Mais c’est désormais chose faite : la justice internationale a rendu son verdict, mettant un terme, du moins provisoire, à un des dossiers judiciaires les plus emblématiques du conflit centrafricain. Les faits reprochés aux deux hommes remontent à la période de septembre 2013 à février 2014. Cette période correspond à la tentative de retour au pouvoir du général François Bozizé, déchu quelques mois auparavant par la coalition rebelle Séléka.
Les crimes des milices anti-balaka
En réaction à cette prise de pouvoir, les milices anti-balaka, composées en majorité de partisans de Bozizé et issues des milieux chrétiens et animistes, se sont organisées pour lutter contre la Séléka, à majorité musulmane. Ce conflit a rapidement pris une dimension intercommunautaire, débouchant sur des violences d’une extrême brutalité. Les milices anti-balaka, sous la direction de chefs tels que Yekatom et Ngaïssona, ont été responsables d’innombrables exactions.
Parmi les crimes retenus par la CPI figurent des attaques ciblées contre des civils musulmans, des actes de torture, des persécutions à caractère ethnique ou religieux, ainsi que des traitements inhumains et dégradants. Les juges ont établi que ces violences n’étaient pas le fruit du hasard ou d’initiatives isolées, mais qu’elles répondaient à une stratégie planifiée de terreur et de purification communautaire. La condamnation d’Alfred Yekatom et Patrick-Edouard Ngaïssona est d’autant plus symbolique que les deux hommes occupaient des fonctions publiques influentes avant ou après les faits.
Responsabilités et symbolique
Yekatom, surnommé « Rambo », était un personnage craint sur le terrain, connu pour sa brutalité. Ngaïssona, quant à lui, jouissait d’un vernis de respectabilité en tant que responsable sportif. Mais les juges ont conclu qu’il avait joué un rôle central dans le financement, la coordination et l’organisation des milices anti-balaka. Les peines prononcées confirment la responsabilité pénale individuelle de leaders politiques et militaires dans des crimes de masse. Elles rappellent aussi que la CPI, malgré ses lenteurs, reste un recours pour les peuples victimes de violences systémiques.
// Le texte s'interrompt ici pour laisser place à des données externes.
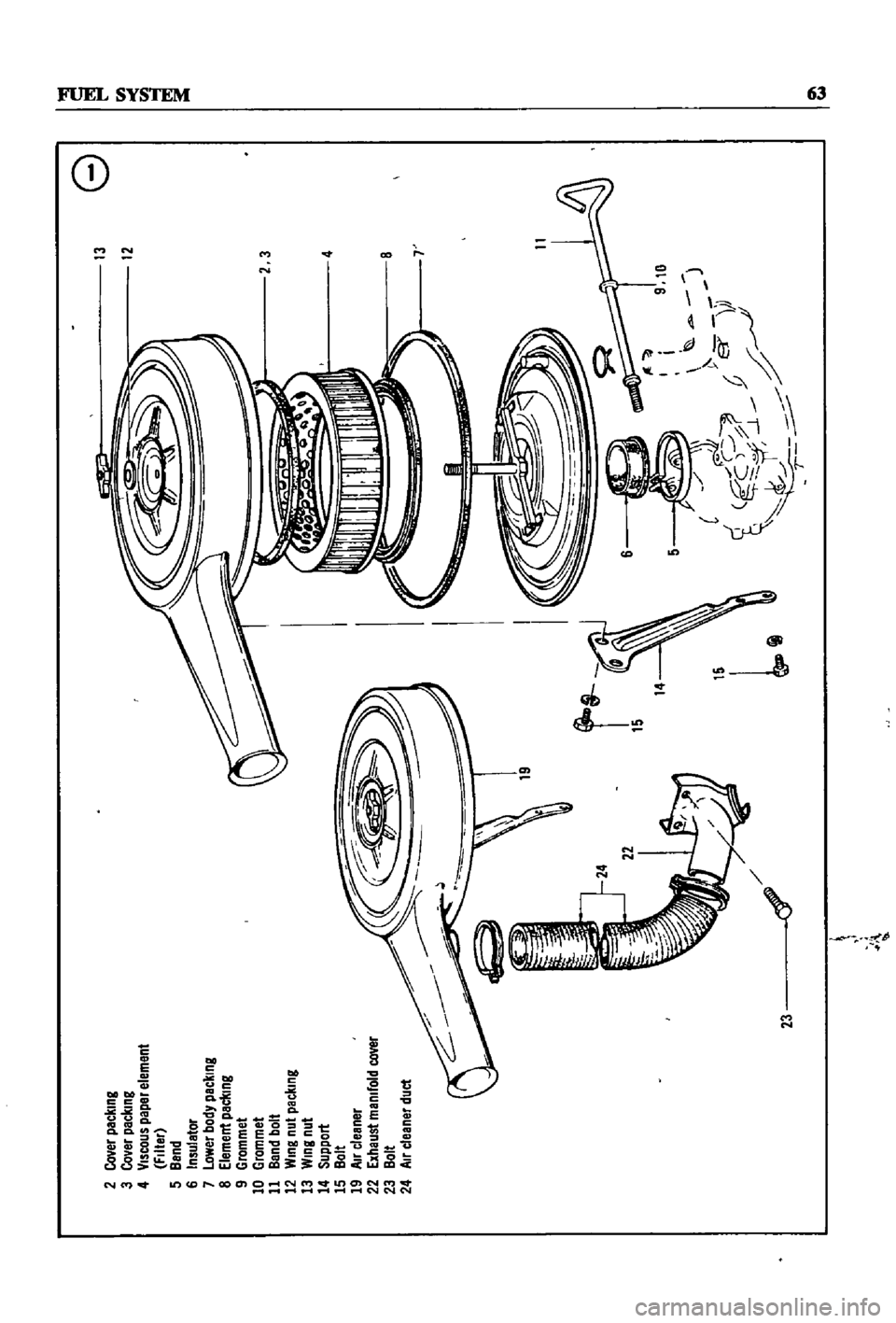 DATSUN 510 1968  Service Repair Manual 
13
8

t

12
i

l

2
cover
packIng

3
Co
er
packIng 
n

4
VISCOUS
paper
eleme 
23

filter

5
Band

6
Insuletor 
OWer
body
pecking

1 
Element
pac
l
lng
liL
J
J 
4

9
Grommet

10
Grommet

11
Band
bolt 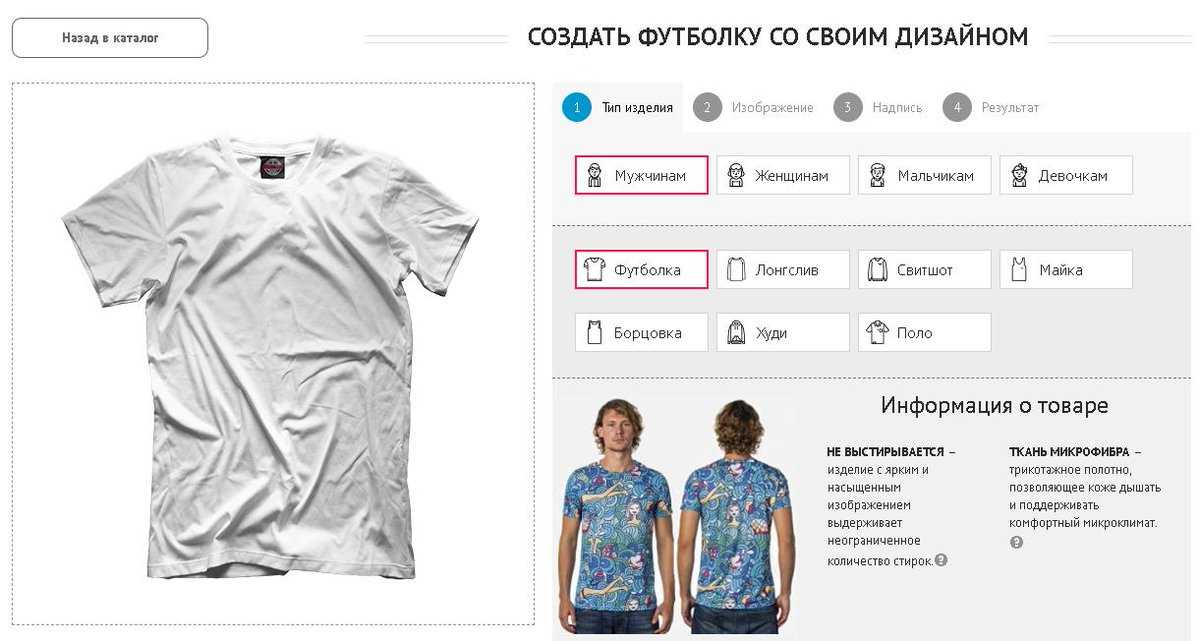 Как заработать деньги на футболках: 24 сайт по созданию и продаже авторских футболок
Cependant, la question de la justice en Centrafrique reste largement ouverte. D’autres auteurs présumés de crimes de guerre et de crimes contre l’humanité n’ont pas encore été jugés, qu’ils soient issus des rangs de la Séléka ou des anti-balaka. Les avocats des deux condamnés ont d’ores et déjà indiqué leur intention de faire appel, prolongeant ainsi un processus judiciaire déjà long et complexe. Il reviendra aux juges d’appel de déterminer si les peines sont proportionnelles aux crimes commis.